▶ [Problem to work on]
Please return the data word for word and leave out any picture it contains.

▶ [Information shown]
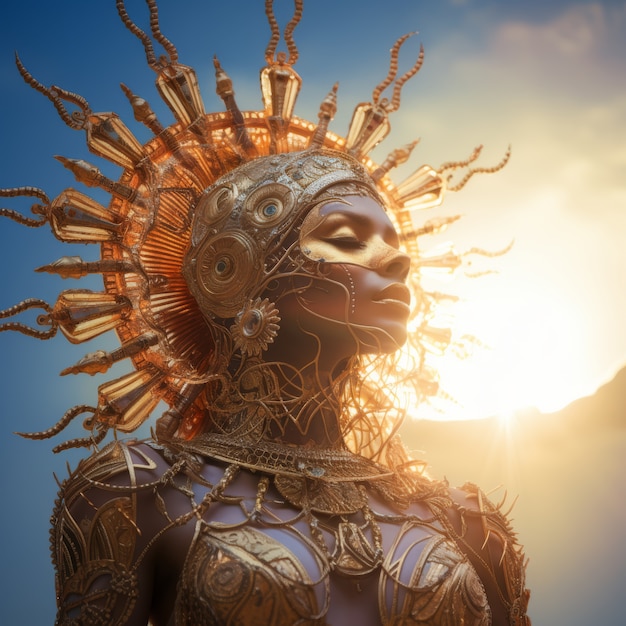 Free photo radiant depiction of empowered female sun goddess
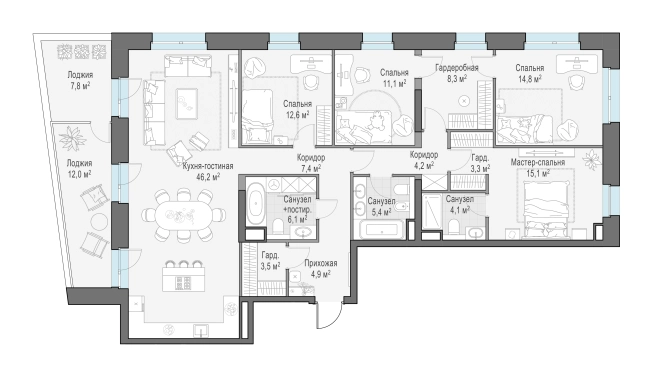 Купить четырехкомнатную квартиру в новостройках в ЖК FORIVER в Москве. Вариант № 169164, 0, площадь -  квм, цена 117620000 рублей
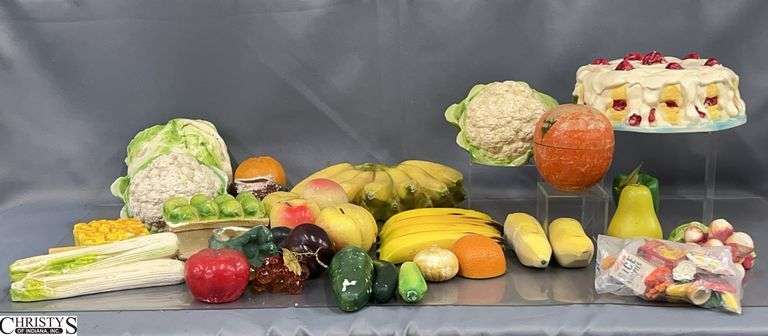 4 Flats Assorted Chalkware and Artificial Fruit - 11" of largest piece - some finish loss, chipping image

▶ [Written reply]
 Free photo radiant depiction of empowered female sun goddess
 Купить четырехкомнатную квартиру в новостройках в ЖК FORIVER в Москве. Вариант № 169164, 0, площадь -  квм, цена 117620000 рублей
 4 Flats Assorted Chalkware and Artificial Fruit - 11" of largest piece - some finish loss, chipping image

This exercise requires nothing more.